It is not, in my view, an adequate justification for the award on the basis of a three-month period to argue, as counsel for the respondent did, that the vehicle was not available to the respondent for the two years and three-month period between the date of seizure and the date of judgment, and that the appellant should in effect be grateful that only three months were allowed. For the three-month period chosen requires to be justified. And it is evident that the respondent could have had his vehicle back before then if he had taken steps to mitigate his losses instead of electing by his action in conversion to claim the value of the vehicle.
[p.43] of [1972] 2 GLR 39 The point is that, as Professor Street puts it (summarising the principle in Sachs v. Miklos [1948] 1 All E.R. 67, C.A. at p. 55 of his book on The Law of Torts (4th ed.)), “Once a claim for conversion has accrued to the plaintiff it is not open to him to delay the issue of his writ and thereby base his action on a subsequent demand and refusal — the duty to mitigate damages operates.” Still adopting the language of Professor Street (at p. 57 of his book), “The effect as between the parties to a judgment for damages in conversion is to transfer the title in the goods to the defendant (Ellis v. Stenning (John) & Son [1932] 2 Ch. 81). It follows that the court will not award
damages for loss of use as well as the value of the chattel where the effect would be doubly to compensate the plaintiff: the capacity for profitable use is part of the value of the chattel. Thus where the defendant converted certain manufacturing plant of the plaintiff, he was liable for the value of the plant when converted but not for loss of use between that date and trial.” See Re Simms; Ex parte Trustees [1934] Ch. 7.

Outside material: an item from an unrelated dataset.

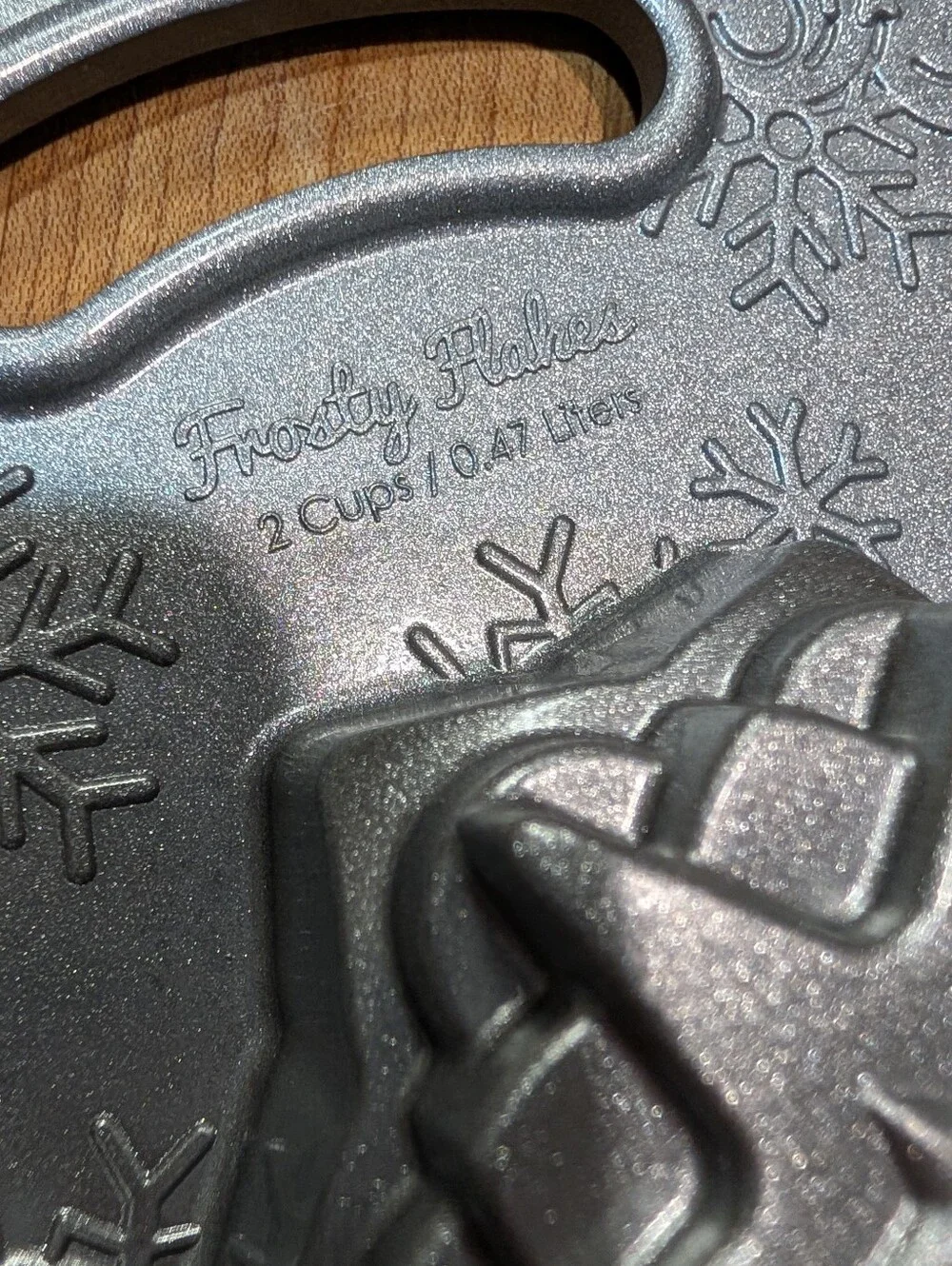 Nordic Ware Frosty Flakes Cakelet Pan Snowflake Bundt Mold 12 Cavity USA
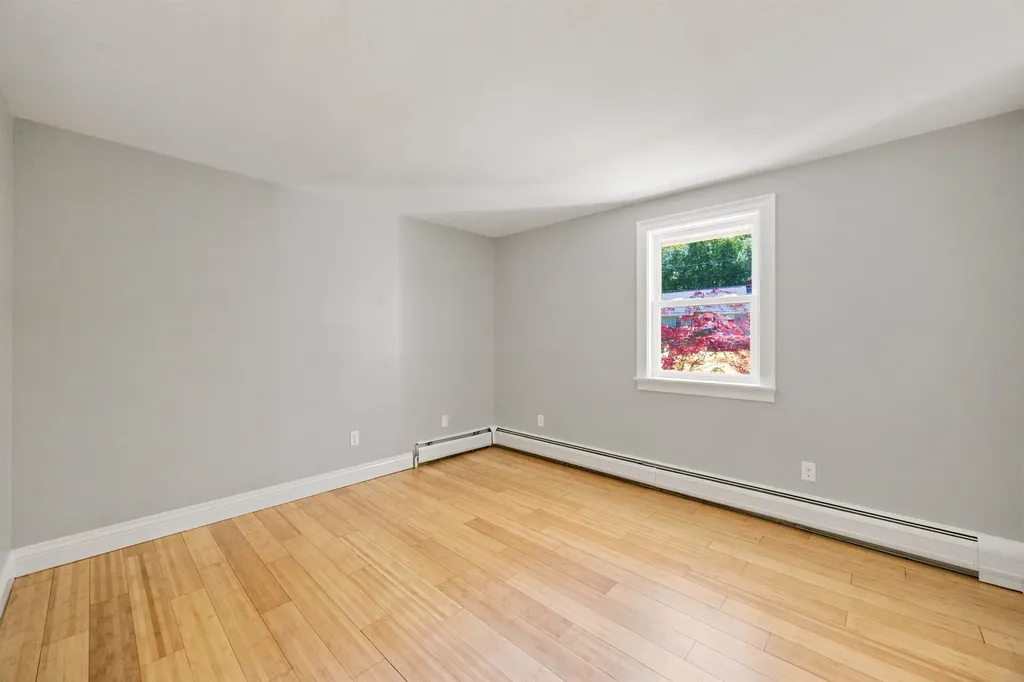 3 Ridgewood Drive Kingston NH 03848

On legal grounds to be discussed later in this judgment it cannot, in my view, be disputed that the
respondent was entitled to some award for consequential loss of profits between the date of wrongful
seizure and a later date when he may be deemed liable for conversion of the vehicle. But the period used as the basis for this assessment cannot be arbitrary. The proper measurement of this period of
consequential loss depends importantly on the plaintiff’s obligation to take steps to mitigate his losses.
On the evidence, the plaintiff took three steps in this direction. First he demanded through his solicitors, by letter, the return by the defendant of his vehicle. To that letter the defendant’s solicitors replied on 30 December 1966 asserting that the seizure was lawful and thus in effect rejecting the plaintiff’s demand (exhibit C). Formal demand and refusal of this kind is often used as evidence of the date of conversion: (See Street, p. 51). And it would not have been improper to consider 30 December 1966 as the date of conversion and therefore the date for assessing the value of the vehicle and of consequential loss of profits since the date of wrongful seizure.
But on that very date of the defendant’s refusal, namely, 30 December 1966, the plaintiff took his second step by making a specific complaint to the police to the effect that the defendant had stolen his vehicle.
This is the complaint which, as we have seen, led to the defendant being directed to bring the vehicle to the police station for return to the plaintiff, a direction which was complied with on 11 January 1967.
Meanwhile, however, on 4 January 1967 the plaintiff had filed his writ of summons claiming damages for conversion against the defendant, and thus evidently electing to be paid for his vehicle rather than to [p.44] of [1972] 2 GLR 39 have it returned, a fact which probably explains why the vehicle was not collected from the police station.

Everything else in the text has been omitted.